When we build a system, we always start with our guiding light: what does this system actually do? Only after answering that question can you build the system you need. However, at some point, it becomes necessary to not only understand what the system does but does the system perform well? “Perform well” can mean many things. It really depends on the needs of the project. Does it mean speed? Sure. Does it mean reliability? Yup. Does it mean savings (money/time)? Absolutely.

For this post, I want to focus on performance as a flavor of reliability. More accurately, I want to focus on fragile vs. anti-fragile systems and what an anti-fragile system might look like.

Fragility Within Systems

I assume that the phrase “fragile system” evokes a similar idea in your head as it does in mine. However, let’s attempt to define what fragile means in the context of a system.

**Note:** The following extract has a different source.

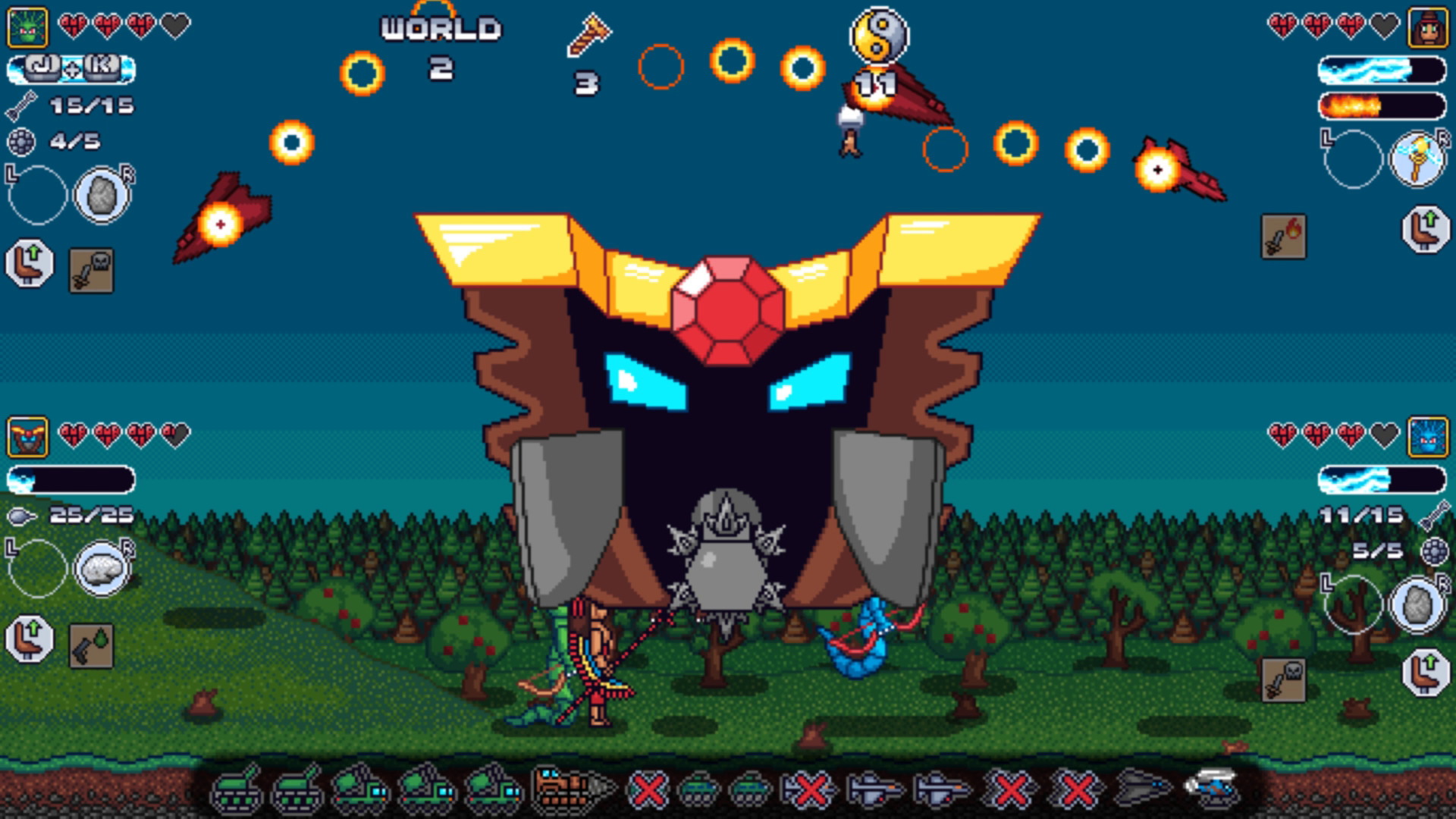 Divinoids screenshot #16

When defining a fragile system, you might start by saying a system is fragile whenever it experiences a failure. Sorry, that’s not quite it. A failure alone does not make a fragile system. Sometimes, failures have very little impact on a system. Sometimes, failures have a linear impact on a system. What do I mean by “linear impact”? Simply that for each unit of failure, you get a constant unit of impact (using the word unit here to help illustrate that this concept applies to more than just software). So a failure in a non-fragile system means that for every failure experienced you will experience a predictable amount of impact.

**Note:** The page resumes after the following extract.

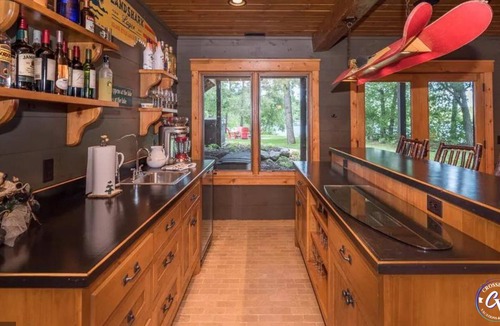 Crosslake Cabin | Sandy Beach on O'Brien Lake. Sleeps 16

A fragile system, doesn’t exhibit a linear failure/impact ratio. Instead, it tends towards a more exponential failure/impact ratio. With each new failure, the impact grows even greater than it did before. This pattern continues until, eventually, the system buckles under the stress of the impact.

Identifying Fragility

To identify fragility, you measure the rate of impact change with each new failure.

If each new failure creates a non-linear negative impact then you have appropriately identified a fragile system.

Converting Fragile to Anti-Fragile

To take a system from fragile to anti-fragile, you have to create options for your system. You have to give your system the ability to respond to failures in different ways; it must respond so that negative impact is eliminated (robust) or even reversed (anti-fragile).

For instance, say that your system works well within a known capacity. Also, when that capacity is exceeded, it is known that your system is negatively impacted in a non-linear way. How can you address this?

Pretend that your system is currently overwhelmed and negatively impacted but it is only impacted in one, self-contained area. Consider the following possible options:

Can the system monitor incoming data and only process data not destined for the impacted area?
Can the system continue processing data bound for the impacted area, store the results, and deliver the results after the impact is over?
Can the system be coded to understand second and third level impacts (other systems) and begin to monitor/respond to changes in those systems?
Can the system slow down the rate of incoming work to be processed?
Can the impacted system acquire more capacity?

Each of these are only ideas about how we might think about converting our fragile system into an anti-fragile system (or at least a robust system). The point is to showcase that understanding and logging failures is only part of the work that needs to be done. If we begin to think about creating options within our systems, we stand a much better chance at finding new and innovative ways to handle uncertainty.